Nuclear masses and deformations

Abstract

A semi-empirical theory of nuclear masses and deformations is presented. The potential energy of a nucleus, considered as a function of N, Z and the nuclear shape, is assumed to be given by the liquid-drop model, modified by a shell correction. The shell correction is a simple function of N and Z and is supposed to disappear as the nucleus is distorted away from the spherical shape. The resulting semi-empirical expression for the nuclear deformation energy has seven adjustable parameters, four in the liquid-drop part and three in the shell correction.
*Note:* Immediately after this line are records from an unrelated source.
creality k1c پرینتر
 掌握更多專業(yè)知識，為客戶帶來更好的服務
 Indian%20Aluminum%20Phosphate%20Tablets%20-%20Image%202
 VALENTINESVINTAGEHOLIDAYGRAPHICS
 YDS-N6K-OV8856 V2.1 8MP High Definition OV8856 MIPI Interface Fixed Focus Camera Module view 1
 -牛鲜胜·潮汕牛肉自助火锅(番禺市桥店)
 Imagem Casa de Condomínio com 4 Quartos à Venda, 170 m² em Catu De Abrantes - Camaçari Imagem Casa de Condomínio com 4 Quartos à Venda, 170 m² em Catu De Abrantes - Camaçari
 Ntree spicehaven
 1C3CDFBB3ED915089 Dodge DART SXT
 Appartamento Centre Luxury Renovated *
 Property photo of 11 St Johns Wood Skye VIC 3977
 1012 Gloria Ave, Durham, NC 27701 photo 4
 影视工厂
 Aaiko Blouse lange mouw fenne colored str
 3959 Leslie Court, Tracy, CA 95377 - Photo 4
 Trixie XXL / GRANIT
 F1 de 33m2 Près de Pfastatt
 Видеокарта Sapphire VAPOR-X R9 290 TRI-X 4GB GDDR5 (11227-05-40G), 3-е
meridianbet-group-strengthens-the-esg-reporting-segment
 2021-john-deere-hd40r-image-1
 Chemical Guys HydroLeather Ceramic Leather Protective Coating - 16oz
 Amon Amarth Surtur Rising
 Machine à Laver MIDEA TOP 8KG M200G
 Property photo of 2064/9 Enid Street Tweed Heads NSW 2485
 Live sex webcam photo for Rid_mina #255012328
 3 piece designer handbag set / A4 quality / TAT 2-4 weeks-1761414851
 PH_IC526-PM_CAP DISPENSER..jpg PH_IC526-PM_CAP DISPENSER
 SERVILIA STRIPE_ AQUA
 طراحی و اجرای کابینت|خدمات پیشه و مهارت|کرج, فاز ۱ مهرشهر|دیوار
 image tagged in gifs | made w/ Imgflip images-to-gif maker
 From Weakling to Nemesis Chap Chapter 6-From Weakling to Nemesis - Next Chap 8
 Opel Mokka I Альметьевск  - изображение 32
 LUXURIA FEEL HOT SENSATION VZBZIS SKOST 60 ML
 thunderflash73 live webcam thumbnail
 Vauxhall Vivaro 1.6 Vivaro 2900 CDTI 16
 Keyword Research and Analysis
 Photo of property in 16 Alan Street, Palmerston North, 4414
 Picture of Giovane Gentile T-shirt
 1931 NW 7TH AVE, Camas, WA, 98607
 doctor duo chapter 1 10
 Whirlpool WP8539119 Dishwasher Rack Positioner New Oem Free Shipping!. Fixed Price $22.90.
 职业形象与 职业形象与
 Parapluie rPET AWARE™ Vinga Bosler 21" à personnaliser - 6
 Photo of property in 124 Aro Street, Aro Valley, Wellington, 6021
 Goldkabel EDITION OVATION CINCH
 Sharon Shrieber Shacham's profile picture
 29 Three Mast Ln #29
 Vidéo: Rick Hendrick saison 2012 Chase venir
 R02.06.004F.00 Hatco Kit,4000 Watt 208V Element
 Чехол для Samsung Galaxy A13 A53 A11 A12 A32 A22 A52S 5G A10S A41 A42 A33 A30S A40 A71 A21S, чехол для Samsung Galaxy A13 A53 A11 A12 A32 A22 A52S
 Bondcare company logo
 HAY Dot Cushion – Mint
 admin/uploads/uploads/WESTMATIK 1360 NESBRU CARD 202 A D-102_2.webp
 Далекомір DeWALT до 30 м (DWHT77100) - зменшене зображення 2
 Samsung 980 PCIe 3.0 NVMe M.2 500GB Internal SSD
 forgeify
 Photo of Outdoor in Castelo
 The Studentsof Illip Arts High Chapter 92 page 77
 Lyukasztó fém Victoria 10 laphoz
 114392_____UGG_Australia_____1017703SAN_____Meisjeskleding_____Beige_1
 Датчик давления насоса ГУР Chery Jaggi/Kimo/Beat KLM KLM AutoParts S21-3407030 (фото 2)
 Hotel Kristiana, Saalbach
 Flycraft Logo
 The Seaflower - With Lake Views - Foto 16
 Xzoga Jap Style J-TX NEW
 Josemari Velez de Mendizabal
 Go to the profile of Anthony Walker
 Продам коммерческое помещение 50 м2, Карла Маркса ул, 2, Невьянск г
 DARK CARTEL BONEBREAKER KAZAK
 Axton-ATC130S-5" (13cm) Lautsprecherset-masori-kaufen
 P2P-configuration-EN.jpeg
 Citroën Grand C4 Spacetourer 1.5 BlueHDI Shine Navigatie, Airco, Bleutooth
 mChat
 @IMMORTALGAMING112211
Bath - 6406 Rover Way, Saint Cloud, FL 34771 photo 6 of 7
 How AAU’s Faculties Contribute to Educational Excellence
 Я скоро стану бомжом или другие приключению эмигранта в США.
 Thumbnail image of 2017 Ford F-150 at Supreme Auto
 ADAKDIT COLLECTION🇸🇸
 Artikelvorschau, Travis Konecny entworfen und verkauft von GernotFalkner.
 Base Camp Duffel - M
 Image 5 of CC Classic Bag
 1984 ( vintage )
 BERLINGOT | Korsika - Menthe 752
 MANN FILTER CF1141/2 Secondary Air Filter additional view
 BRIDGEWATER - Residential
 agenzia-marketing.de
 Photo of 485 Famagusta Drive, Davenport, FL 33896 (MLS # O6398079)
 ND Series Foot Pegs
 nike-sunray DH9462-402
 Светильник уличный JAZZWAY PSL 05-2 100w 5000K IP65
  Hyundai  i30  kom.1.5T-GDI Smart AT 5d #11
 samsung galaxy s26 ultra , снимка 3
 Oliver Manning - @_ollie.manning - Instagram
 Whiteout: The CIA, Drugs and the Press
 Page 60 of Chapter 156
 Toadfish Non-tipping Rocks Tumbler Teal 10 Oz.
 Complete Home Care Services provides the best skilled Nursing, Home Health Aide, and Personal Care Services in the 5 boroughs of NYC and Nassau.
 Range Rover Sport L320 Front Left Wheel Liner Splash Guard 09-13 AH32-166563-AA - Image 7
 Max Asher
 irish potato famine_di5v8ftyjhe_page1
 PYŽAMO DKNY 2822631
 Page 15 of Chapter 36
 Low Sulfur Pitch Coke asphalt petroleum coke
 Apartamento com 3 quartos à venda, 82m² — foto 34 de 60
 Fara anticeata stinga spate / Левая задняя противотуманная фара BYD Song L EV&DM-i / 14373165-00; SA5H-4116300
By making the deformation energy stationary with respect to distortions, the equilibrium deformations (i.e., the quadrupole moments) and the ground-state masses of nuclei are derived as functions of N and Z. In addition, from unstable shapes of equilibrium corresponding to saddle-point configurations, barrier energies for nuclear fission are deduced. The predictions of the theory are compared with some 1200 experimental nuclear masses, 240 quadrupole moments and 40 fission barriers. The results lead, on the one hand, to a re-assessment of the accuracy of the liquid-drop model and a firmer determination of its characteristic constants and, on the other, to a semi-quantitative understanding of the effects of shell structure on nuclear masses and deformations. A number of minor anomalies are isolated, one apparently related to the so-called Wigner term in the binding energy and one relevant for the understanding of fission barriers. Applications to the analysis of the centrifugal stretching of nuclei and to the possible existence of “islands of stability” in the region of super-heavy nuclei are mentioned.